• _WHAT IS REQUIRED_: Word-for-word transcription: reproduce all of the data, but not the pictures.
(DATA BELOW Opens)
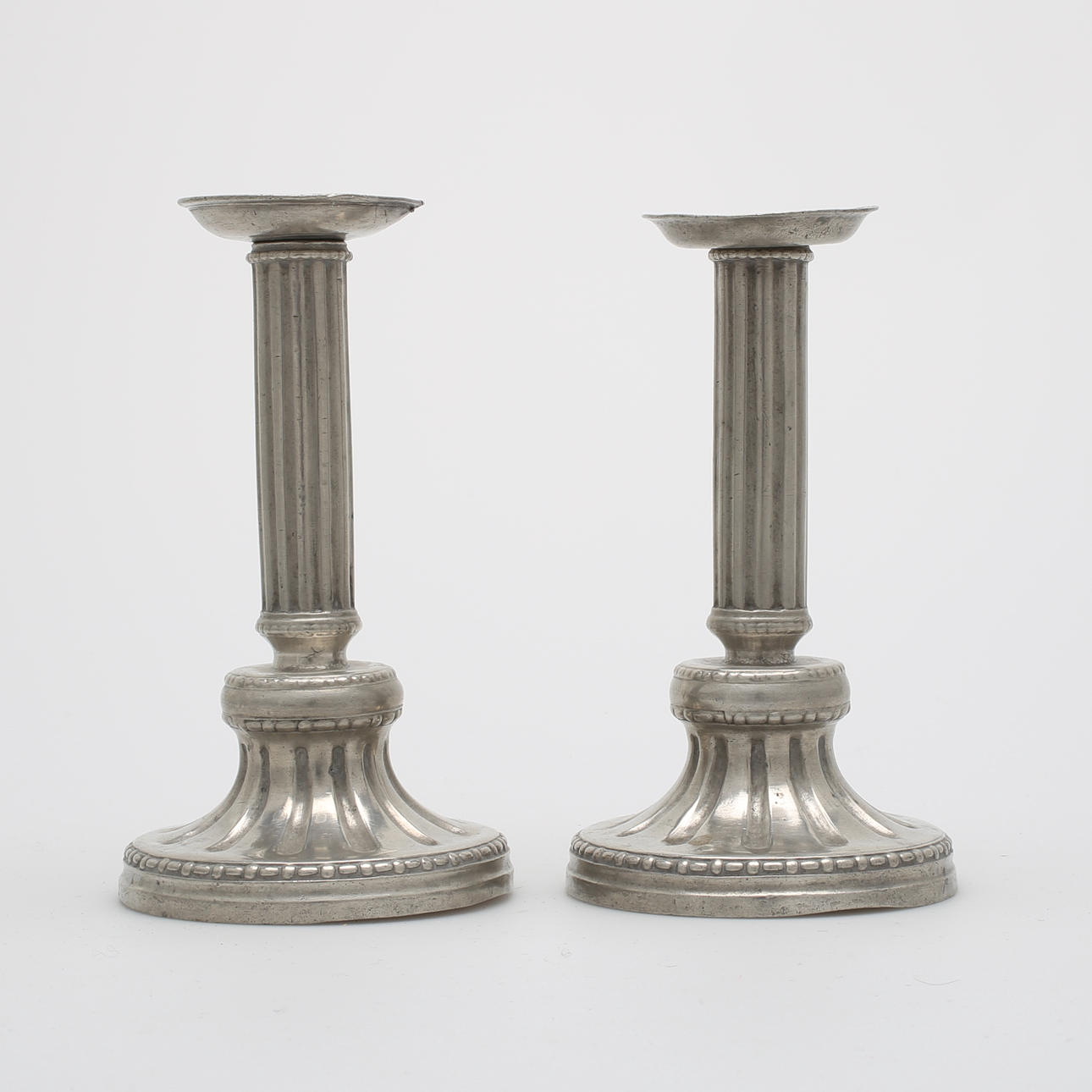 LJUSSTAKAR, ett par, tenn, gustavianska, Samuel Weygang, Stockholm, 1791.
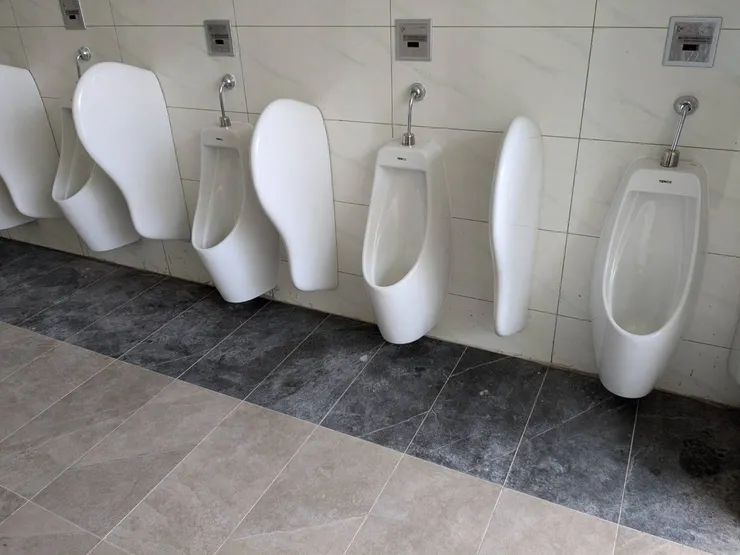 台南某國小新建廁所的小便斗有多種尺寸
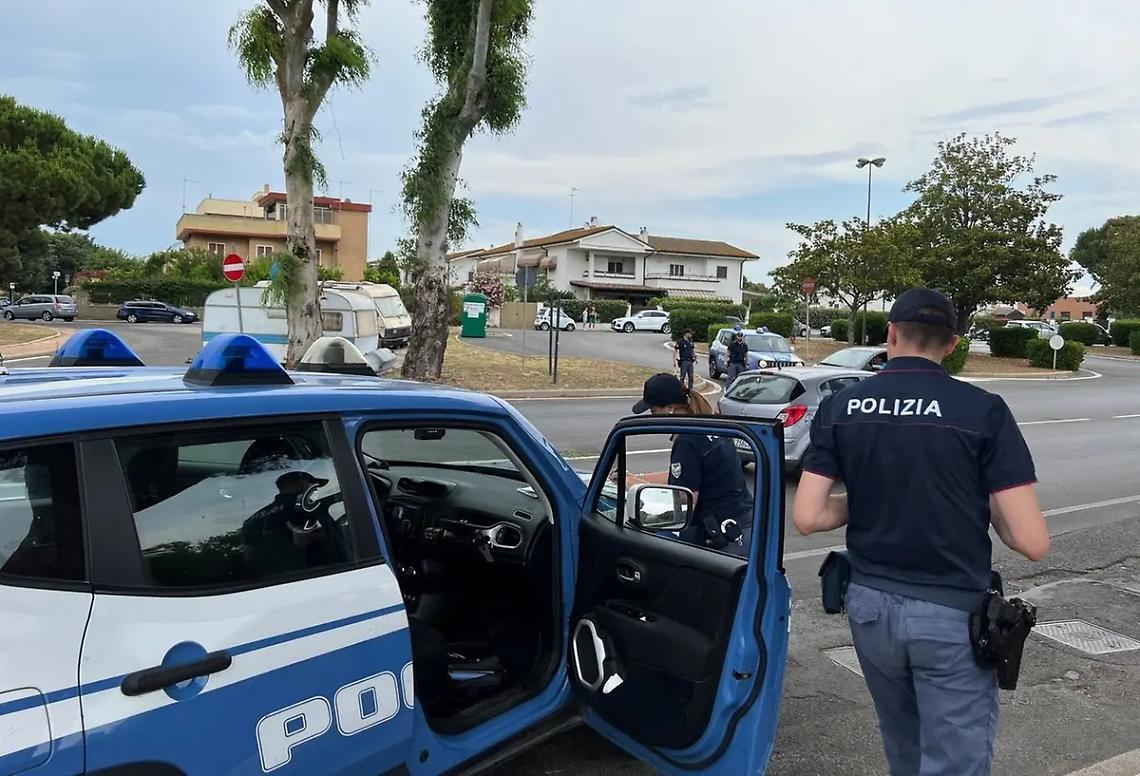 Ricercato per droga finge di essere il fratello gemello: arrestato dalla polizia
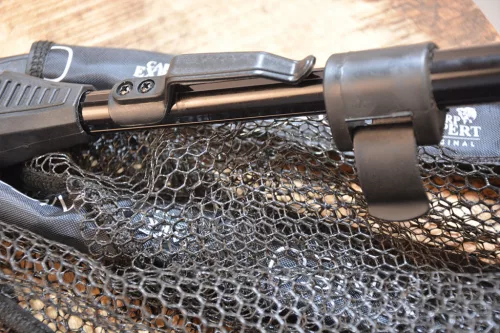CARP EXPERT NEO PROTECT GUMIS MERÍTŐHÁLÓ 2M NYÉLLEL 2 RÉSZES 55*55CM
(DATA BELOW Closes)
• _SOLUTION TO THIS TASK_:
 LJUSSTAKAR, ett par, tenn, gustavianska, Samuel Weygang, Stockholm, 1791.
 台南某國小新建廁所的小便斗有多種尺寸
 Ricercato per droga finge di essere il fratello gemello: arrestato dalla polizia
CARP EXPERT NEO PROTECT GUMIS MERÍTŐHÁLÓ 2M NYÉLLEL 2 RÉSZES 55*55CM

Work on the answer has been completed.